Congenital pseudarthrosis of the tibia (CPT) is a rare disease. Epidemiological data are limited, and treatment of the condition is challenging. The purpose of our study was to gain epidemiological data on the incidence of CPT in Norway and to evaluate the treatment outcome of the disease.


During the period 1987-2006 22 patients with CPT were born in Norway (11 boys, 11 girls; mean age 15 years, age range 8-24 years) and are included in this study. During the same time period 1,183,380 live-births were registered by the Norwegian Birth Register. Primary surgical treatment was the Ilizarov method in 15 patients, intramedullary nailing in three patients, and plate osteosynthesis in two patients; two patients never developed a fracture and were treated with an orthosis.
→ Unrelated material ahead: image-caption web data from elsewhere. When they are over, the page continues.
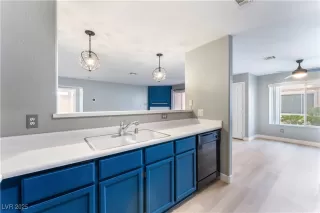 Photo #5: 2710482 Listing 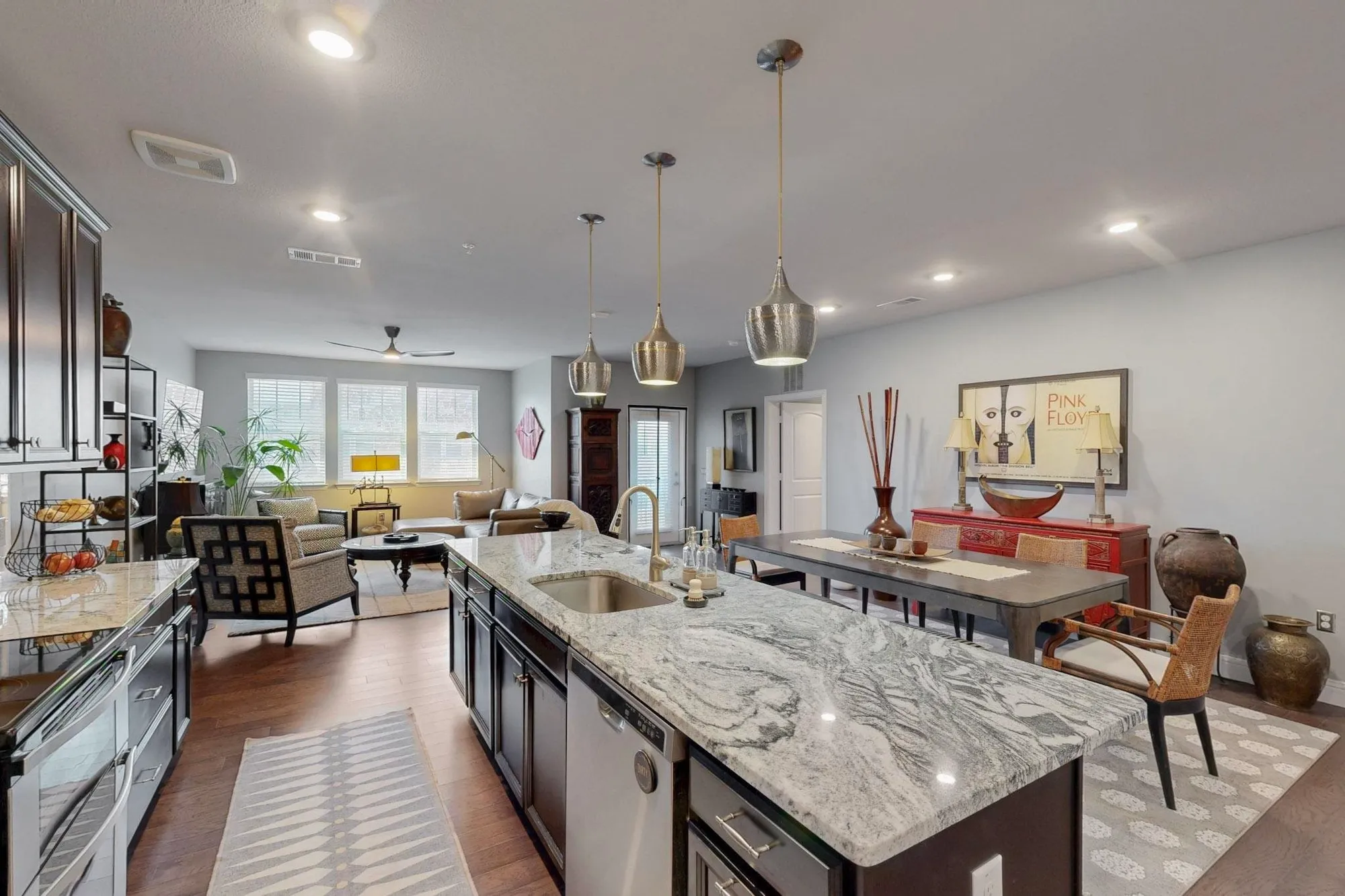 Property Slideshow image 12 of 40 | 1735 wittington pl apt 3403, Farmers Branch, TX, 75234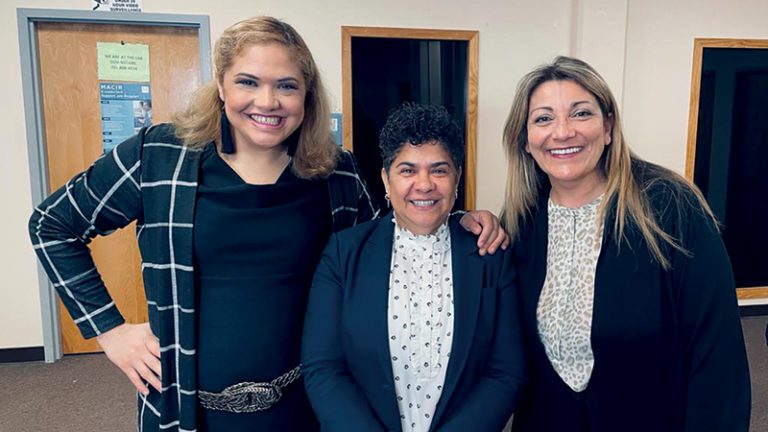 Rostros de superación en el Día de la mujer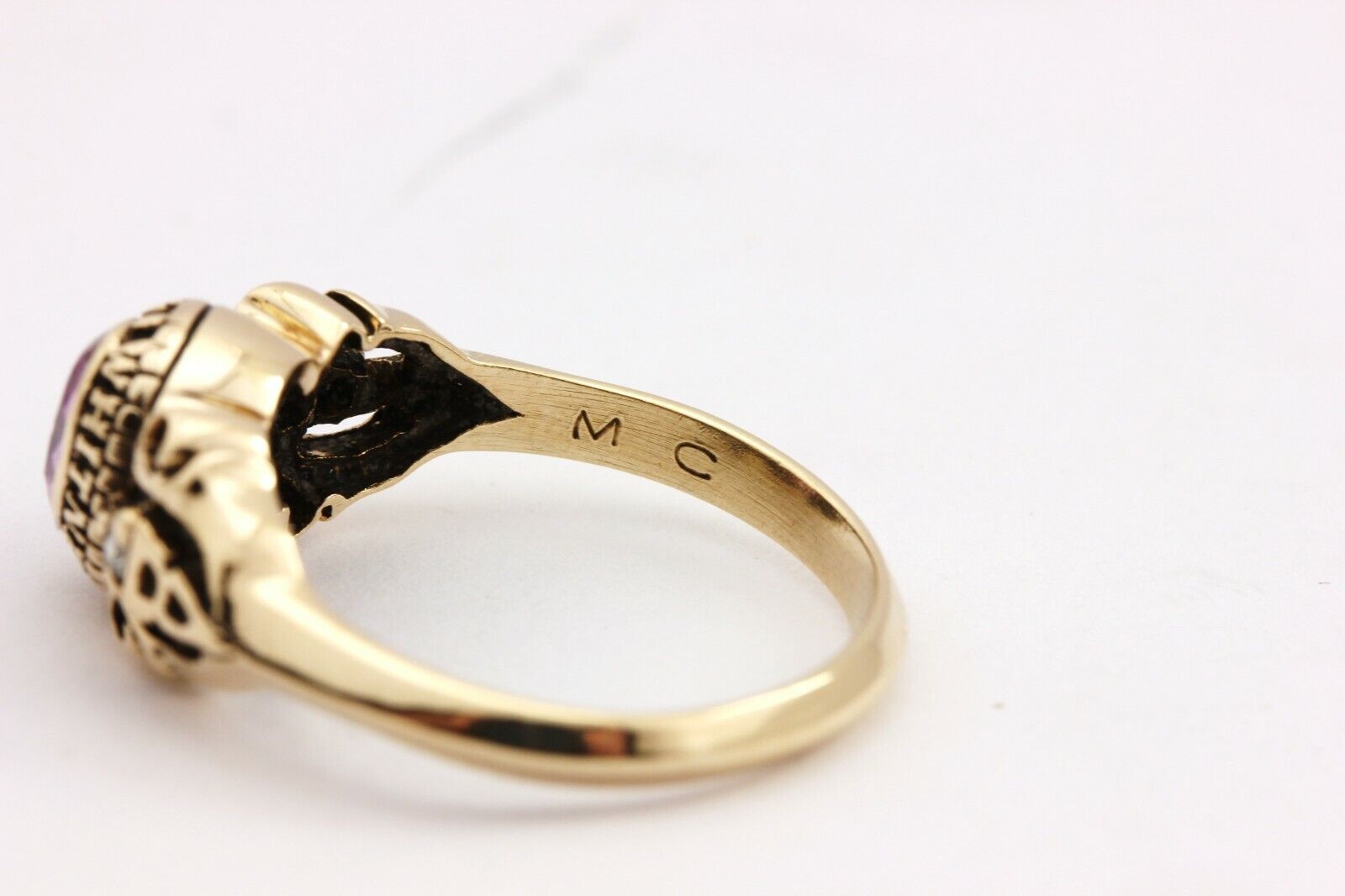10k yellow gold pink sapphire diamond class ring 1984 size 6.25 estate vintage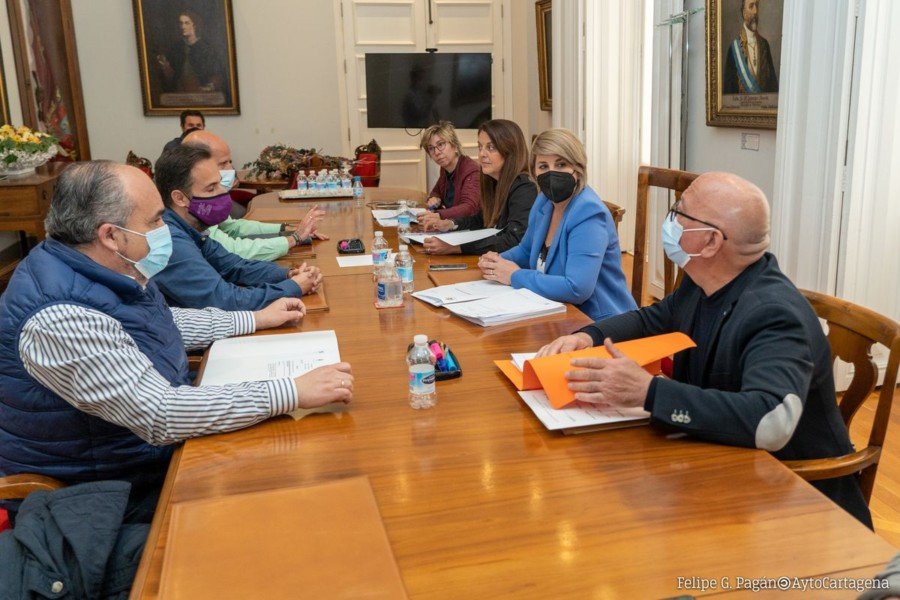 La Junta de Gobierno suspende los objetivos de calidad acústica en la Plaza del Ayuntamiento, Icue y calle Honda durante las Cruces de Mayo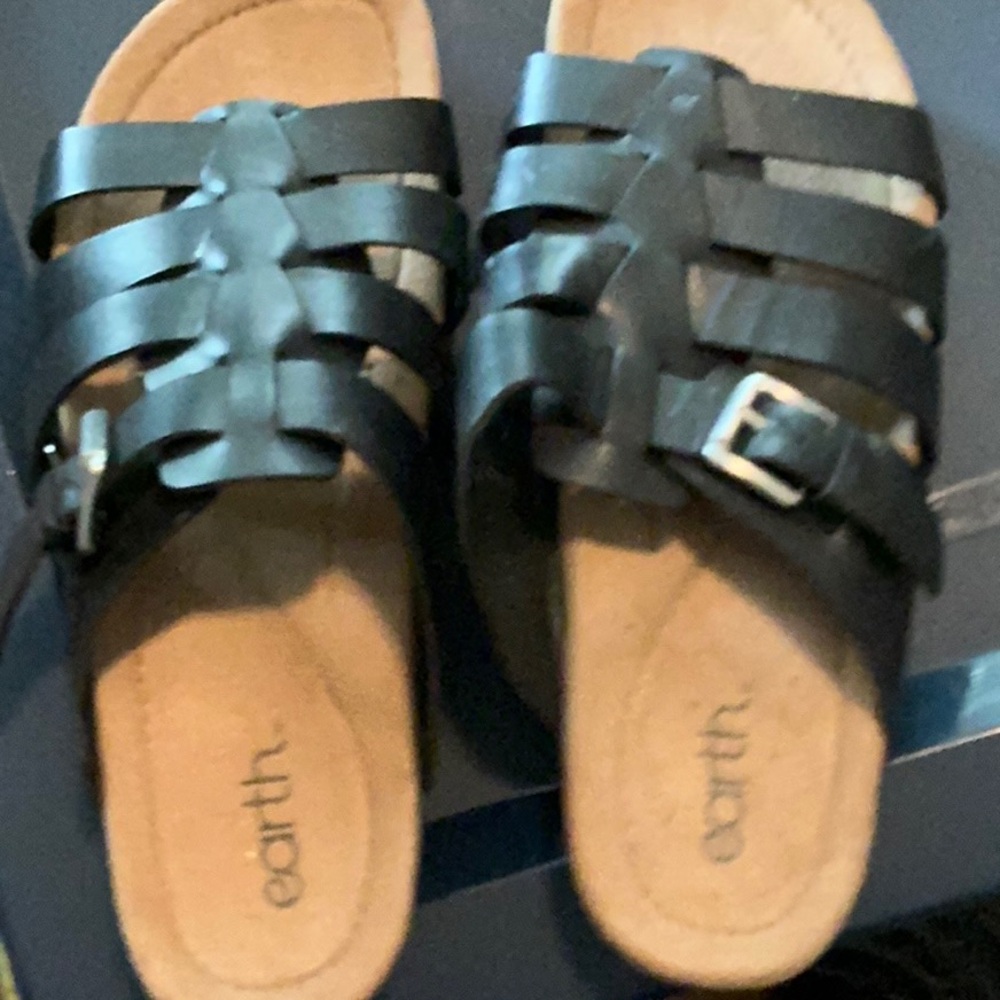 Earth Black Leather Sandals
The incidence of CPT based on this period was 1:53,000. The rate of primary healing was 66 % for the Ilizarov group. Primary healing occurred in three patients treated with intramedullary nailing and in none of the patients treated with plate osteosynthesis. However, almost all patients required additional surgery due to refracture or deformity correction. Currently, all 12 skeletally mature patients are considered to be healed, whereas two of the skeletally immature patients are still under treatment.


The incidence of CPT in Norway seems to be notably higher than that based on epidemiological data from other studies. Primary healing rates are satisfactory when treated either with an Ilizarov device or intramedullary nailing. Refractures must be avoided, and alignment of the leg must be maintained. Healing is usually achieved before skeletal maturity. However, residual deformities are common.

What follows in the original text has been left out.